* [What to produce]
Although the data below contains pictures, please reproduce only its words, exactly.

* [Raw data]
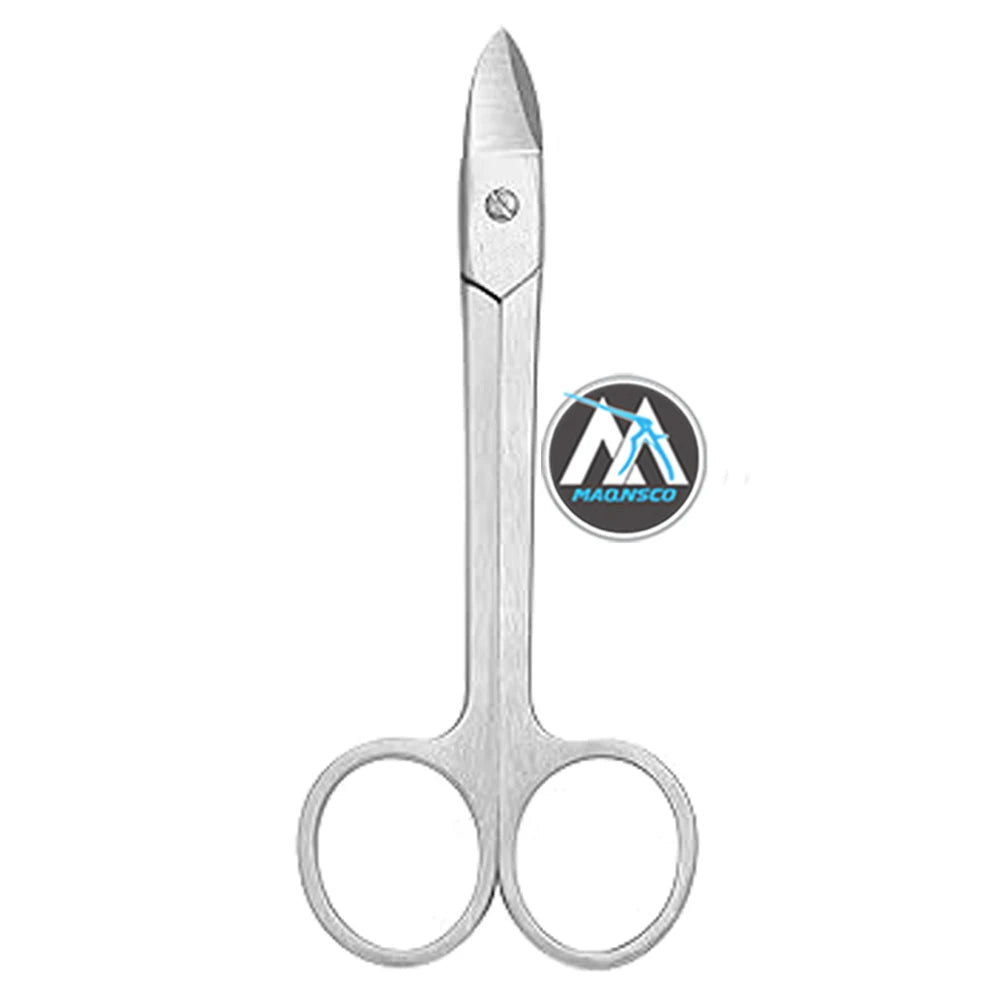 Professional Heavy-Duty Stainless Steel Straight Blade Eyebrow Scissors Long Handles Sharp Right-Handed for Men Women
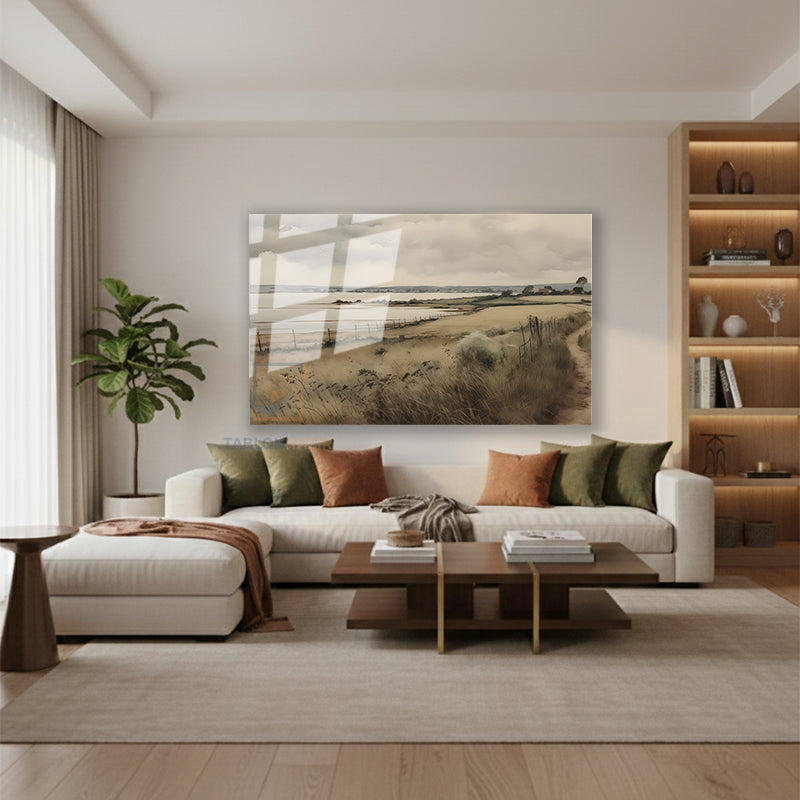 Yatay Cam Tablo Salon Duvar Tablosu Yatay Cam Vintagekirmanzarasi3 Yeni Ev Hediyesi Ofis Tablosu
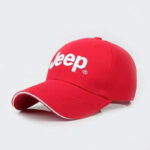 Jeep Embroidered Baseball Cap: Best 4-Season Adjustable Hat 4 jeep embroidered baseball cap red color front view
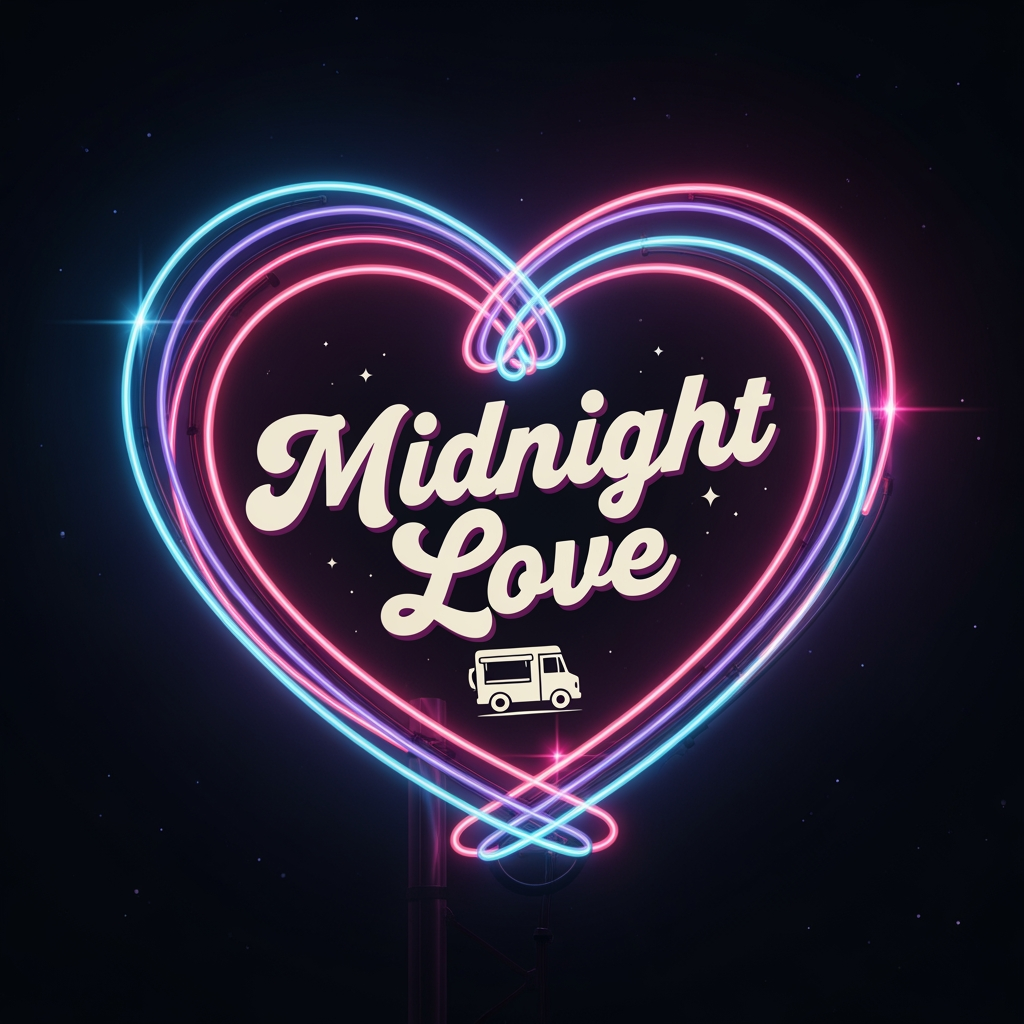 AI Design for midnight love make a logo for this name this is a food truck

* [Result of this exercise]
 Professional Heavy-Duty Stainless Steel Straight Blade Eyebrow Scissors Long Handles Sharp Right-Handed for Men Women
 Yatay Cam Tablo Salon Duvar Tablosu Yatay Cam Vintagekirmanzarasi3 Yeni Ev Hediyesi Ofis Tablosu
 Jeep Embroidered Baseball Cap: Best 4-Season Adjustable Hat 4 jeep embroidered baseball cap red color front view
 AI Design for midnight love make a logo for this name this is a food truck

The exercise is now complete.